In an affront to sandwich eaters everywhere, class action lawyers had tried to make off with a bundle of cash—a fee award and payments to class representatives totaling $525,000—by claiming that Subway’s advertised “footlong” sandwiches sometimes fell slightly short of 12 inches. No one disputed the fact that the actual weight of the dough and the amount of ingredients were uniform for each sandwich. As many sandwich connoisseurs have no doubt noticed, some hunks of dough bake to shorter, different shapes of bread than others.
Even the named plaintiffs in the lawsuit conceded that slight differences in bread length wouldn’t stand in the way of their future Subway sandwich purchases.

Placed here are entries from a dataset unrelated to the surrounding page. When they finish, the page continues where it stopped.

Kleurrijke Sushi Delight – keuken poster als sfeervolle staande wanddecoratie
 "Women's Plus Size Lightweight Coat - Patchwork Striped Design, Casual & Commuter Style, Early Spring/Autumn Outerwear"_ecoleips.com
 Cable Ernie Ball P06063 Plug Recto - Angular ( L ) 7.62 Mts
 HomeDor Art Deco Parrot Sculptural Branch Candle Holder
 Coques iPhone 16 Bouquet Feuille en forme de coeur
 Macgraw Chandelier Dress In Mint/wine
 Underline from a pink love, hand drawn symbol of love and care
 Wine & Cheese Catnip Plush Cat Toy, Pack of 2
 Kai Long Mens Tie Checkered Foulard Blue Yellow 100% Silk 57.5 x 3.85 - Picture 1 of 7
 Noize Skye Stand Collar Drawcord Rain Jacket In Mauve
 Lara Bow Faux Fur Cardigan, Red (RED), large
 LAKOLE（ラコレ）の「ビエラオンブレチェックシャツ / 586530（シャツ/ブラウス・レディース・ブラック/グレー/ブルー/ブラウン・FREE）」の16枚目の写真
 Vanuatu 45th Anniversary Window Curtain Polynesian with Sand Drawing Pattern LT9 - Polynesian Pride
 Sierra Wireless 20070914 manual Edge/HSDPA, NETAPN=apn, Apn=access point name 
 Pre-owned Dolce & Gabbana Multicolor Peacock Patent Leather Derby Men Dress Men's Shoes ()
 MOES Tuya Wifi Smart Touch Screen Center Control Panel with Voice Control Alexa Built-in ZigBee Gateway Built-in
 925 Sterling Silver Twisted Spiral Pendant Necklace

But the other problem with the nonsensical lawsuit was that the vast majority of actual class members (Subway customers) got nothing—not so much as an extra pickle. Prior to the litigation, Subway had already taken steps to monitor minor disparities in the length of its bread rolls during baking.
Though plaintiffs’ lawyers initially got court approval for the aforementioned half a million dollars, Competitive Enterprise Institute senior attorney and Subway sandwich customer Ted Frank stepped in to challenge that unjust settlement deal.
Starting in 2015, the court challenge took a while. But, finally, the first serving of good news came on August 25, 2017, when the Seventh Circuit Court of Appeals rejected the lawyer-enriching settlement deal. “By rejecting this class action settlement, the Seventh Circuit recognized it as part of the ‘racket’ plaintiffs’ attorneys use to extract fees for themselves while providing class members with nothing,” Frank said in response to the consumer win.
The second serving of good news came in late October 2017, when, in the wake of that court ruling, the plaintiffs in the case decided not to continue to pursue the claims. Thus ends the saga of the too-short Subway sandwich lawsuit. Now, sandwich eaters nationwide can relish their National Sandwich Day deals in peace.